Resource relationships in Managed Service for Apache Airflow™
Managed Service for Apache Airflow™ helps you deploy and maintain clusters of Apache Airflow™
About Apache Airflow™
Apache Airflow™ is an open-source platform that enables you to create, schedule, and monitor batch-oriented workflows. A workflow defines job relationships and their execution sequence. It is presented as a directed acyclic graph (DAG). DAGs in Apache Airflow™ can be used for automation and scheduled runs of any processes, e.g., data processing in Apache Spark™.
Apache Airflow™ uses the Workflows as code approach. It implies that each workflow is implemented using a Python 3.8 script. A file with this script is called a DAG file. It describes jobs, their run schedule, and dependencies between them. This approach allows storing workflows in a version control system, running tests, and enabling technology required for workflows.

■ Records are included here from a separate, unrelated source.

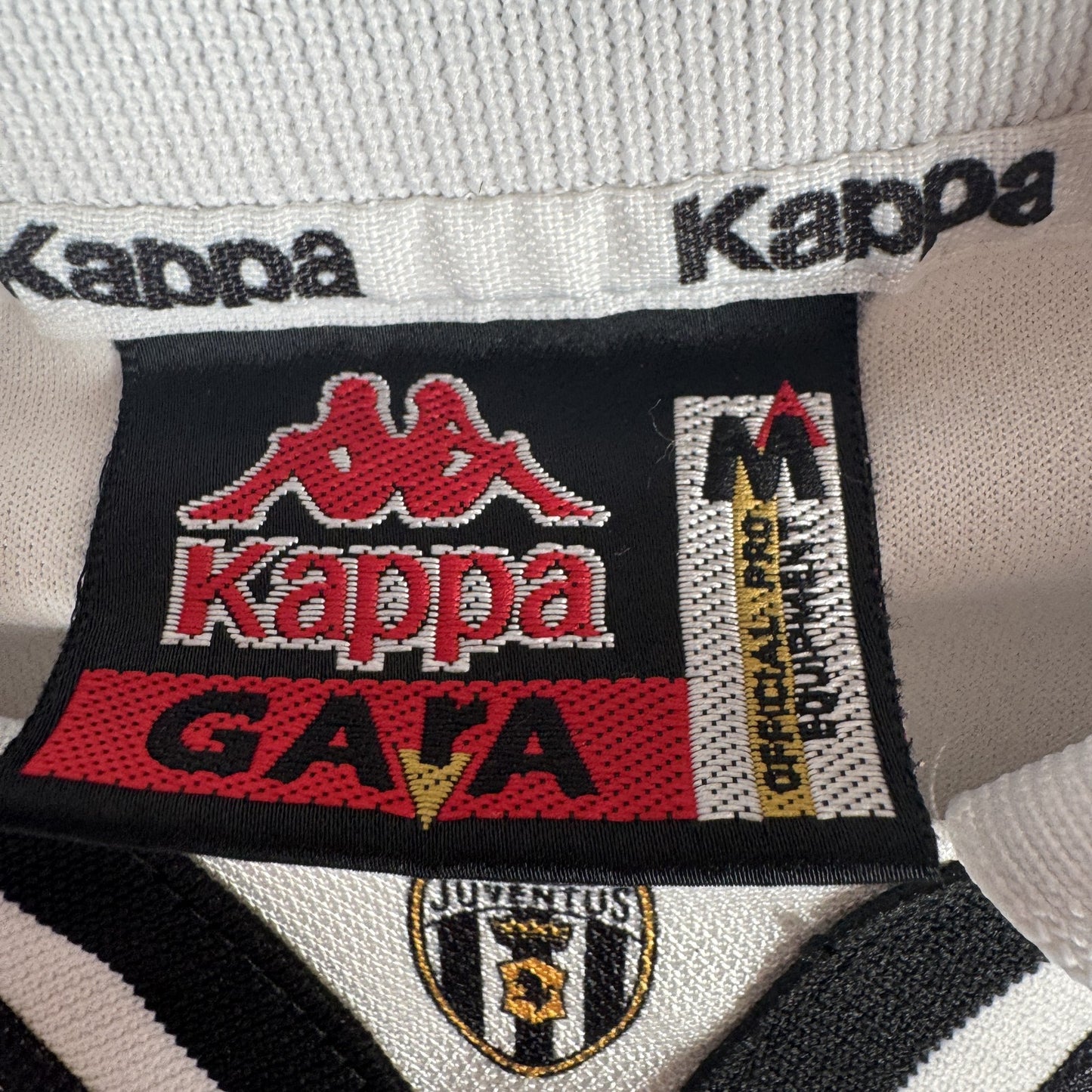 Juventus 1995/1996 Home Football Shirt  Medium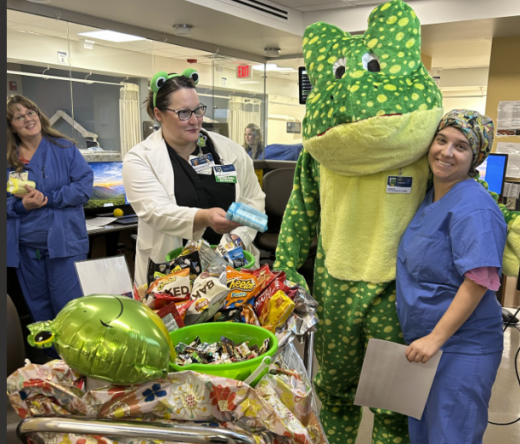 Angela Moore, CFMH staff, and Franklin the FROG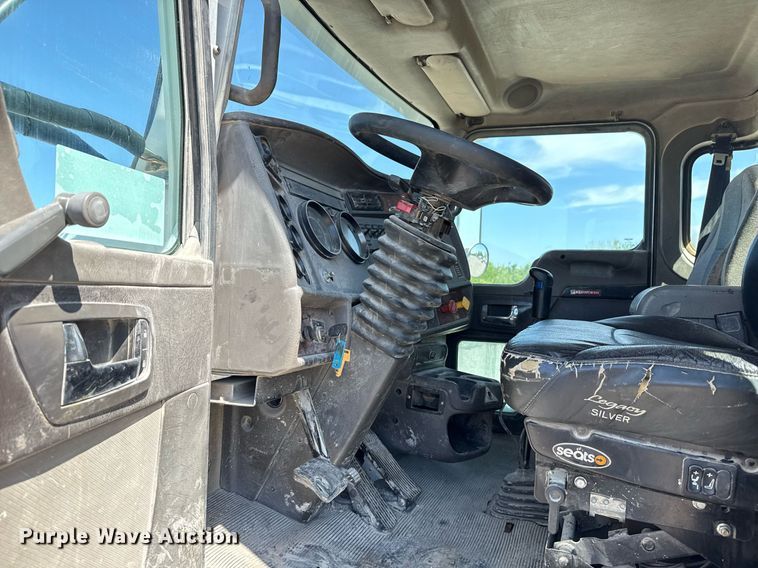 image for item DS3706 2007 Kenworth utility / service truck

Apache Airflow™ is not used for streaming and continuous data processing. If such processing is required, you can develop a solution based on Yandex Managed Service for Apache Kafka®.
For more information, see the Apache Airflow™ documentation
Managed Service for Apache Airflow™ architecture
The Managed Service for Apache Airflow™ architecture is presented on the diagram:
Each Apache Airflow™ cluster runs in a separate Kubernetes node group with the required network infrastructure. This infrastructure includes a virtual network, a security group, and a service account. Node groups are isolated from each other, both through virtual networks and through Kubernetes itself. Node groups are managed by a common Kubernetes master, and Apache Airflow™ clusters use a common PostgreSQL cluster for data storage.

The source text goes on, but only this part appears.